JP: Excellent, next question is for Andrew. Does StormForge hold a central repository of already optimized baseline configurations? For example, mySQL version 5.5 with a defined set of SLOs, or do I have to make them up on my own?

Andrew: So as we’re working and getting more data, we’re looking towards things like this. Right now we do find that your experiment that you run, we find very unique results from cluster to cluster. That’s why you’re running it on your dev cluster in your environment simulating your actual application, so we haven’t found it to be really one-to-one. Although we do have general recommendations, we can absolutely help get you started.
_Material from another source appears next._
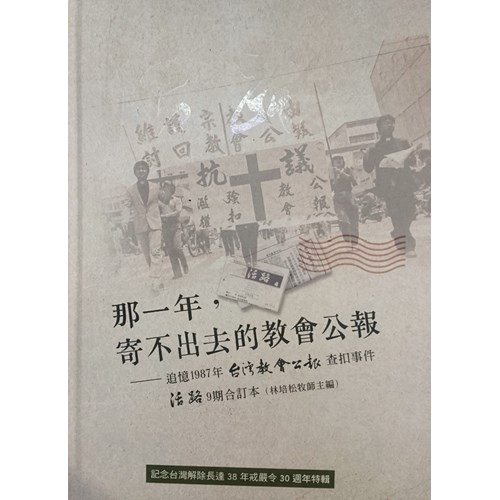 那一年，寄不出去的教會公報--追憶1987年台灣教會公報查扣事件與活路9期合訂本 封面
So we could give you a general baseline then the machine learning as it starts running against your mySQL app and how it’s experiencing load in however way you’re using it will dial that configuration in to best suit your performance. You also have the ability with StormForge to measure the things that you care about specifically. So we talked about trial duration today for Trilio Vault being an important metric, but many of our customers are optimizing for latency for a web application, or maybe they’re optimizing to maximize the throughput of their application, or if they’re benchmarking their application with a fixed workload, maybe it’s duration of that workload. So experiments are very unique and you’ll find that we’ll help you build them for your specific application and the results are usually very unique to each app, but happy to chat with whoever asks that after this if you want to follow up.

JP: Excellent, great and another question for Prashanto. Actually it’s a two-part question, are there data transfer speed issues during or after configuring the cluster and applications?

Prashanto: So data transfer and speed, I mean from a platform perspective, from the Trilio platform perspective, never I would say because as we have built the application to be fully cloud native. We spin up our pods on-demand to move the data. Again, if there is network latency and other network activity happening, which could fluctuate the data transfer speeds that can happen anytime, but from a platform perspective, from our architecture perspective, everything should flow smooth and as long as the infrastructure is intact everything should be pretty clean and pretty predictable as well.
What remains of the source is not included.